L'arrêté ouvre aux avocats l'usage du système de communication électronique dénommé « SECURIGREFFE », aujourd'hui réservé aux particuliers. Cet accès est contrôlé par une procédure d'habilitation, opérée par un prestataire de services de confiance qualifié agissant sous la responsabilité du Conseil national des barreaux.
La fiabilité de l'identification des avocats est assurée au moyen d'un dispositif d'authentification fondé sur un service de certification opéré par un prestataire de services de confiance qualifié agissant au nom du Conseil national des barreaux, autorité de certification.
L’arrêté contient aussi un volet relatif à la communication par voie électronique entre les avocats et entre les avocats et la juridiction et, plus particulièrement, concernant l'identification des parties à la communication électronique et de sa fiabilité. La sécurité de la connexion des avocats au RPVA est garantie par un dispositif d'identification.
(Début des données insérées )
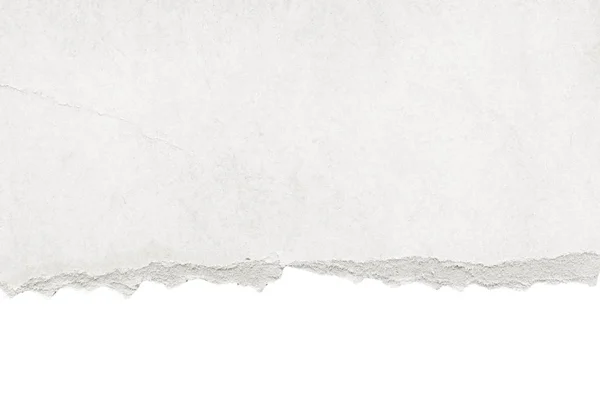 Перероблений білий розрив горизонтальної ноти текстури паперу, світлий фон . — стокове фото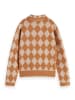 Scotch & Soda Sweter w kolorze kremowo-pomarańczowym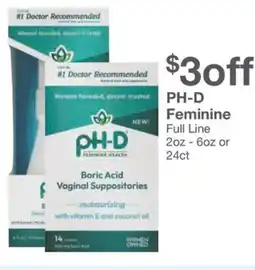 Kinney Drugs Ph-d feminine offer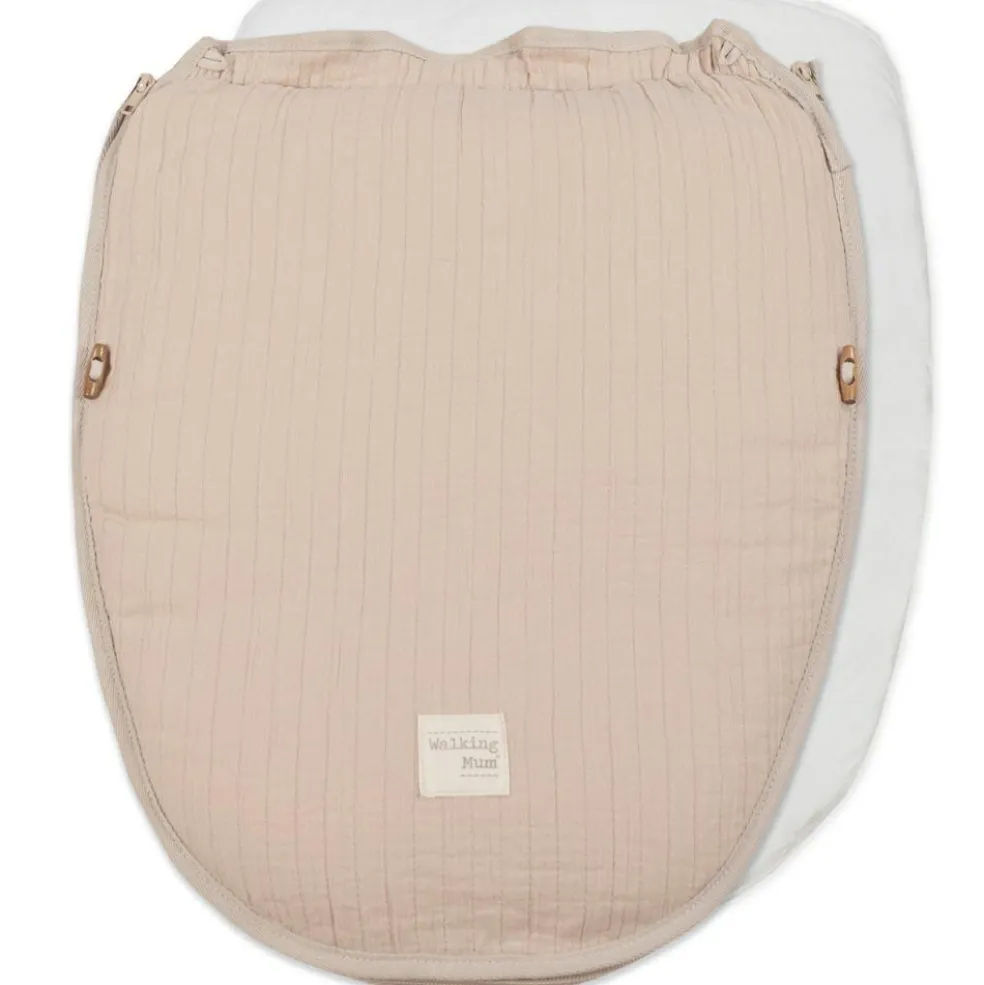 Nid d'ange et chancelière pour siège-auto Groupe 0 Été Apricot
La fiabilité de l'identification des avocats est assurée au moyen d'un dispositif d'authentification fondé sur un service de certification opéré par un prestataire de services de confiance qualifié agissant au nom du Conseil national des barreaux, autorité de certification.
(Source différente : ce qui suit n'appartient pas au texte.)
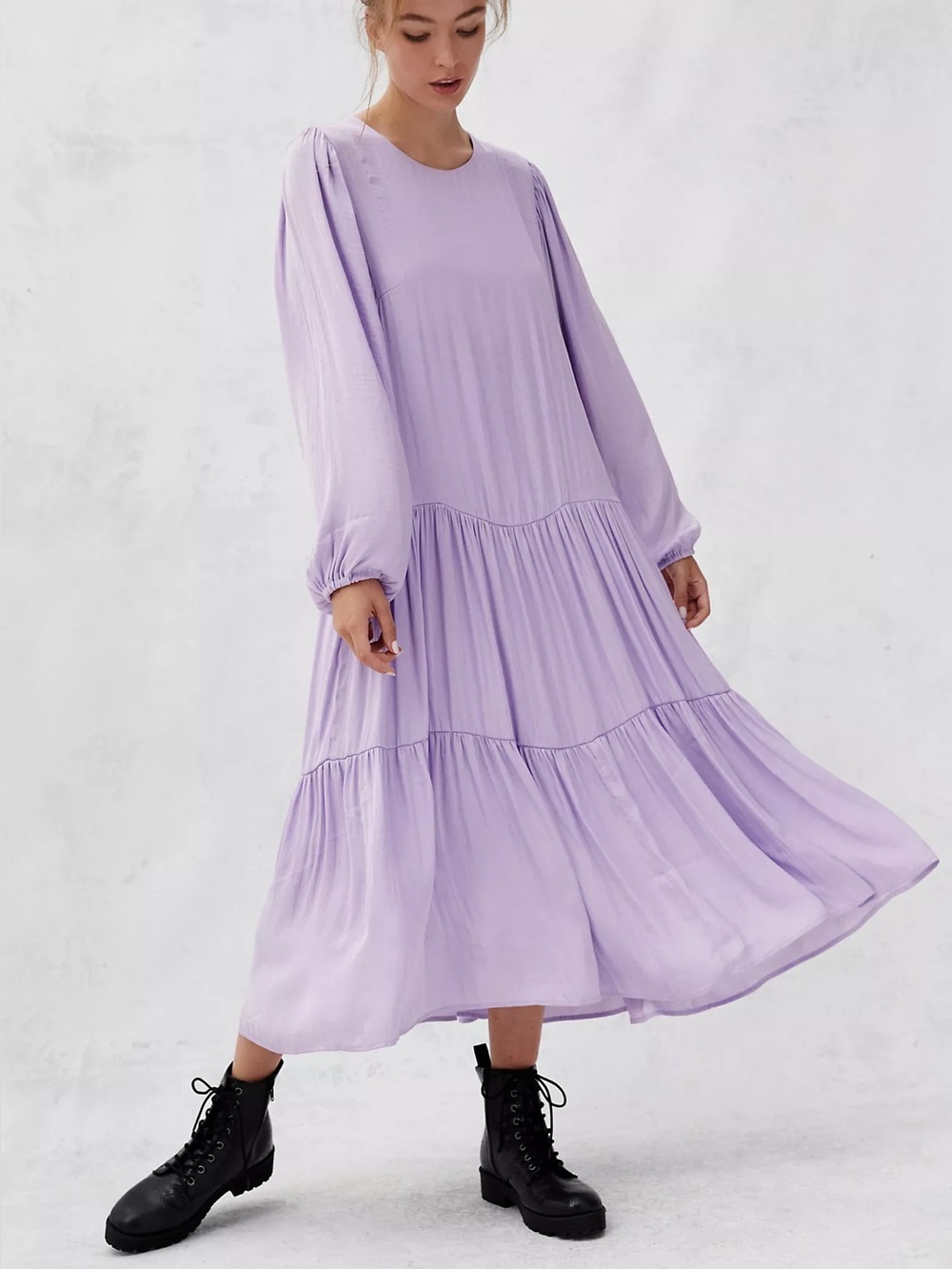 Anthropologie | Dolan Left Coast Katrina Tiered Maxi Dress Size Small Lilac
Dans les deux domaines précités (« SECURIGREFFE » et la communication par voie électronique entre les avocats et entre les avocats et la juridiction), la procédure d'inscription et d'enregistrement, de modification et de désinscription des données d'identification et d'habilitation est effectuée à l'initiative des instances professionnelles représentant les avocats exerçant leur profession dans un ressort déterminé et sous leur contrôle.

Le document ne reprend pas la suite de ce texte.